Job got a raw deal! In common parlance today he was ‘screwed’. Here was a guy living by the book, considered righteous and wise, who suddenly finds himself losing everything. He’s losing it all for apparently no known reason. The story is an old one. It’s one we hear about even today where an upright guy loses a child, or a business, or suffers a severe set back. It is a situation where bad things happen to good people. We had a terrible example here in Florida in this month of February. A 12-year-old girl abducted and murdered. The anguish cries of everyone was “Why?” This is the common reaction to this situation and the story from the Old Testament.

I got into this “Job” thing due to an ’eminent’ professor teaching us how this story relates to doctrine of creation. Now there’s a reach, if I ever heard one. What does a guy “who loses it all” got to do with creation, which is composed of everything of beauty and good that surrounds us? This professor is eminent, not because he has been named so by some academic institution. He is because he is able to get and hold the attention and interest, at a little after 6 A.M., on Thursday mornings of a group of 20 to 25 men of ages from 25 to 80, from all walks of life. He is eminent or distinguished or notable in another capacity, or was so, as a physician and surgeon. But for these attendees his eminence comes from keeping them interested enough to keep returning to see how a guy like Job has anything to do with creation. Except of course that Job, like creation, had it all, and then his went to nowhere.
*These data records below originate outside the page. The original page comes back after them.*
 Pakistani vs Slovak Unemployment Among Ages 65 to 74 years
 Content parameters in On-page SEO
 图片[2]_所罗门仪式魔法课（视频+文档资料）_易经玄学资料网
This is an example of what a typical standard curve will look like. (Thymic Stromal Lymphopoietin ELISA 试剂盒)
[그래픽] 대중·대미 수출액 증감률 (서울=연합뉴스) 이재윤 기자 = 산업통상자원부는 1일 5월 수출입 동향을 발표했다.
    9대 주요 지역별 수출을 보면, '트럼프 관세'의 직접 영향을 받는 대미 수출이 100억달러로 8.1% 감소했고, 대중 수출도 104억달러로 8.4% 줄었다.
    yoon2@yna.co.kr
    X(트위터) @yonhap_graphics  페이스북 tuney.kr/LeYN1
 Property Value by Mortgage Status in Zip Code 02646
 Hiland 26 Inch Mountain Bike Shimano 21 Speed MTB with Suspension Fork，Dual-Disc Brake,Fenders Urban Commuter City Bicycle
Another unusual fact is that I, who always considered myself as a ‘rational animal’ or reasonable man and who pursued ‘knowledge’ where ever it could be found, is looking forward to sitting in on this discussion with enthusiasm and interest. My past did not include any pursuit of biblical studies. In fact my only connection was limited to studies where parts of it were required by the given curricula. Then later watching a witness in a courtroom as they placed their hands on the Book and swore “to tell the truth, the whole truth, and nothing but the truth, so help me God” But that has changed. The literature of the bible has become a world of new learning for me.

I like the idea someone wrote of comparing it to the Sunday newspaper. That’s the edition with many sections starting with news, international, national, and local, business & money, food, review of books of all genre, music, art, etc. So too this book has its variety of literature from prose reports of past events to the music and poetry of the Psalms, to the business of the laws and dieting. But in the past is saw it strictly as a semi-doctrinal support for (Roman) Christian doctrine and teaching.
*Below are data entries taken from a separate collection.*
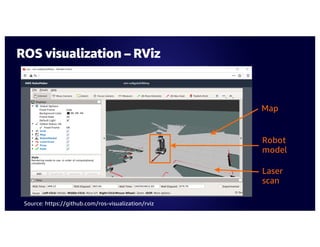 ROS visualization – RViz
Map
Robot
model
Laser
scan
Source: https://github.com/ros-visualization/rviz
 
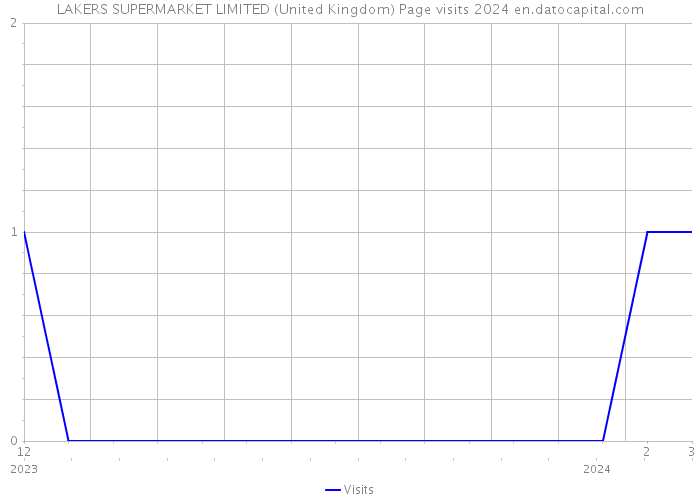 LAKERS SUPERMARKET LIMITED (United Kingdom) Page visits 2024 
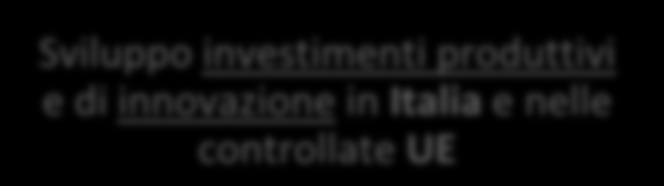 SIMEST affianca l impresa italiana in tutte le fasi di sviluppo - segue Fasi sviluppo impresa Sviluppo società estera in paesi extra UE per la realizzazione di nuove attività Capitale di rischio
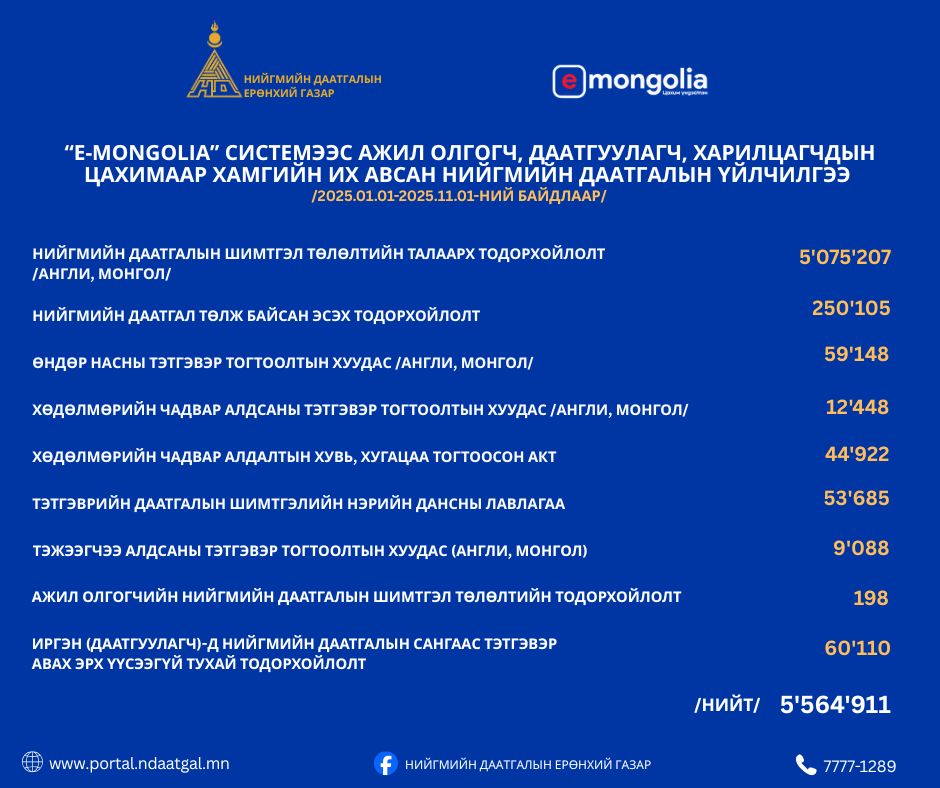 Нийгмийн даатгалын үйлчилгээ цахимжсаар байна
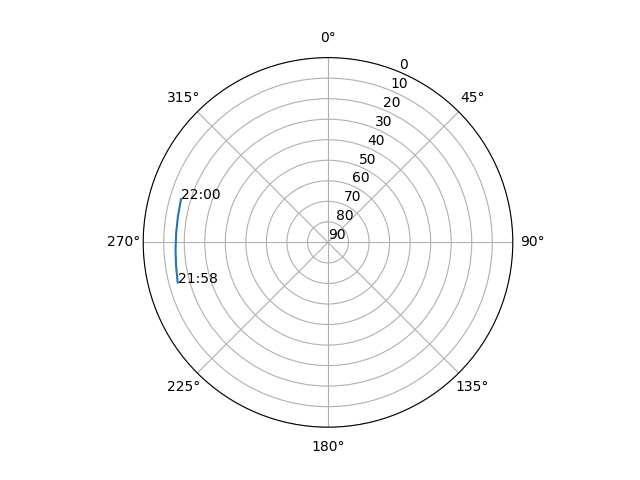 Azimuth/elevation polar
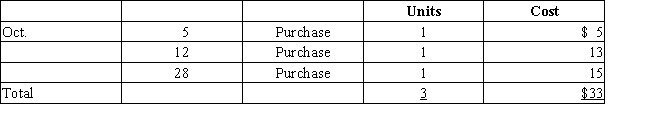 Assume that three identical units of merchandise were purchased during October,as follows: Assume one unit is sold on October 31 for $28.Determine cost of merchandise sold,gross profit,and ending inventory under the average cost method.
After writing the above it was with surprise and pleasure that I found in the present edition of the Atlantic Monthly (March ’04) a writer I admire using the same analogy re the Bible only on a broader scale. It is another example of the universality of the book and it depth of learning. The writer is Cullen Murphy and his style is one of satire and humor. He uses the example of the many varieties of literatures in the Bible to compose a “Next Testament” which will include writings of this past millennium. As he says”… everyone agrees on is that whatever its nature, the Bible is collection many bits of writing, representing many kinds of literature, and that its various pieces came into existence at different moments over more than a millennium.”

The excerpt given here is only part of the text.